You have to think about pricing logically. You ‘buy’ part 1 for nothing. So you then buy part 2 for 99c. You think to yourself: ‘Both parts only cost me 99c’. Then you like part 2 so you go on to buy part 3 at another 99c. At which point you’re thinking: ‘It only cost me two bucks for three episodes. That’s not bad. That’s a three-for-two deal!’

And so it goes. I will tell you now, once someone has read a few episodes you will find them committed to seeing the whole affair through to the end.

When I mentioned this pricing scheme on Fiona Skye’s Facebook post, Debbie Manber Kupfer wondered how it would affect the eventual compilation of all the episodes.

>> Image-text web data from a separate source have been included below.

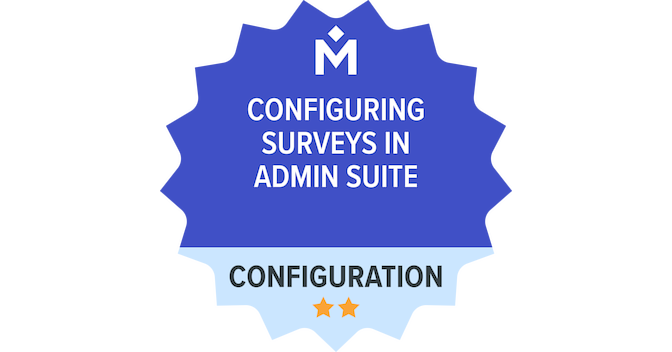 Configuring Surveys in Admin Suite - Credly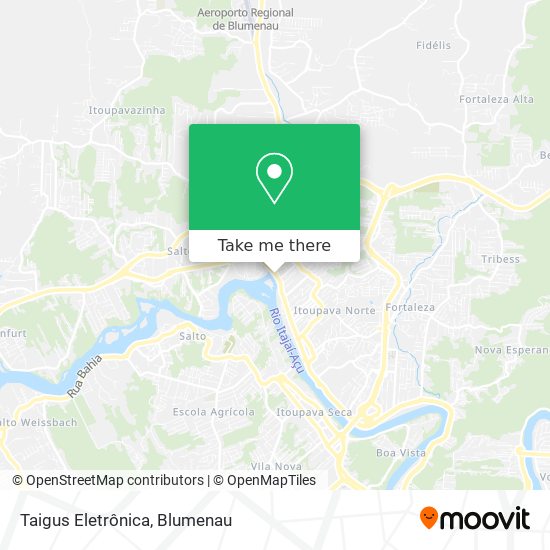 Taigus Eletrônica map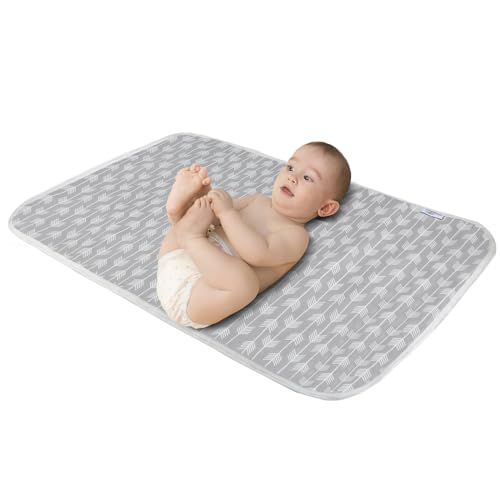 Image of Baby Diaper Changing Pad, 21 5/8" x 31.5" Waterproof Changing Pad Liners - Reusable Soft and Absorbent Portable Changing Mat(Arrows1PCS)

Would people come back to buy the whole thing in one volume?

They might. More than likely not, I’d say. BUT at that point you’re not looking to sell it to them. You’re looking to sell it to those people who have read the first, free installment and want a good deal on the rest of the series – and those who’ve bought the first two or three. In my case, I am sure readers looked and went: ‘If I buy all twelve it’s going to cost me over ten dollars to get the whole lot. But he’s selling a collection of all twelve for 2.99. I’ll do that.’

That’s how Far From Home: The Complete First Series ended up hitting the #1 spot in it’s category and staying there for two full months. It’s also why it hovers in the Top 20 even now, months later.

My good friend Bernard Schaffer says: ‘Offer great value at fair cost’. Your work has to be reasonably priced. It has to be competitive. At the moment the First Series of Far From Home is priced at 99c. Why? Because I have a Second Series out now, priced at 2.99. So the first collection drives the sales of the second.

In brief: box clever with your pricing points, and remember: great value at fair cost. So says Mr Schaffer . . . and he’s right. Run things like a business, but always have at the forefront of your mind that you offer your work to your readership at FAIR COST.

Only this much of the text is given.